**TASK INSTRUCTIONS:**
Each line of the data below from the one holding "سافت ژل سی ال" to the one holding "ESP ECU MERCEDES-BENZ", inclusive, is to be reproduced exactly; no other line belongs in the answer.

**PROVIDED DATA:**
-----
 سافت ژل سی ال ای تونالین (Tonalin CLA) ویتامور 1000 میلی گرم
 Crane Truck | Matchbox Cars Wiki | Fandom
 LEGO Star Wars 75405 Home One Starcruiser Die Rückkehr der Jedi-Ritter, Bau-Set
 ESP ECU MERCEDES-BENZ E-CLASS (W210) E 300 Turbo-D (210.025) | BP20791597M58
-----
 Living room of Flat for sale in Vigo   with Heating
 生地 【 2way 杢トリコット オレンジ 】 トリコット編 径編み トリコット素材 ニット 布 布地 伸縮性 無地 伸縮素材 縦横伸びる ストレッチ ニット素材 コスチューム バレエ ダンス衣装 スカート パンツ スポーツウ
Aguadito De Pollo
-----
**RESPONSE TO THE TASK:**
 سافت ژل سی ال ای تونالین (Tonalin CLA) ویتامور 1000 میلی گرم
 Crane Truck | Matchbox Cars Wiki | Fandom
 LEGO Star Wars 75405 Home One Starcruiser Die Rückkehr der Jedi-Ritter, Bau-Set
 ESP ECU MERCEDES-BENZ E-CLASS (W210) E 300 Turbo-D (210.025) | BP20791597M58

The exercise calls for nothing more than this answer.